At www.vipr.org.uk, retailers can download form letters and send them to their Member of Parliament, the European Parliament, the British Office of Fair Trading and England's Department of Culture, Media and Sport.
All the letters outline the new programs and cite the fact that Warner tried to institute a tiered-pricing strategy in Australia that was shot down in that country's courts and that the First Sale Doctrine prohibits the strategy in the United States.
The letters state that more studios could follow Warner and Fox's lead and, in effect, change the country's market by eliminating rental altogether, which would be detrimental to consumers and could put smaller retailers out of business.

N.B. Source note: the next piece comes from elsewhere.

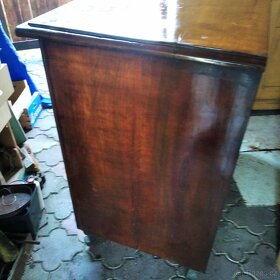 starozitne komody skrine stoly zidle - 4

The letters also address the fact that big chains like Blockbuster and Choices Video have negotiated revenue-sharing deals under new pricing terms, which helps keep them competitive with sellthrough retailers.
Jim Cardwell, president of Warner Home Video, said revenue-sharing may be the best option in a tiered-pricing market.
“We believe in revenue-sharing as a way to manage copy depth and keep consumers satisfied and coming into stores,” he said.
VIPR also has a dedicated forum at U.K. retailer site Movie Zone's discussion boards (www.moviezone.co.uk).
In postings on the Movie Zone message board, VIPR members admit they have no real funds or even significant clout to help out independents like Bill Best, owner of Star Video in south London, whom Warner has taken to court for having sellthrough copies of Ocean's Eleven and Training Day in his store. The most VIPR can do at this point is offer “support and advice” to Best, who is representing himself in England's High Court, a VIPR poster wrote. Though his case has been postponed until later this month, Best has already been ordered to pay £1,500 ($2,444) to Warner, according to reports.
In other tiered-pricing news, some rental dealers in the United Kingdom mistakenly received sellthrough-labeled copies of MGM's Die Another Day -- for which the studio has instituted a tiered-pricing strategy in the U.K. -- instead of the rental-version copies they had ordered. An MGM spokesperson told View Magazine that rental dealers who got the wrong order could rent out the copies to their customers and would not be prosecuted, but also said the supplier would work to rectify the problem if and when it repeats the strategy with future releases, and will enforce the tiered policy.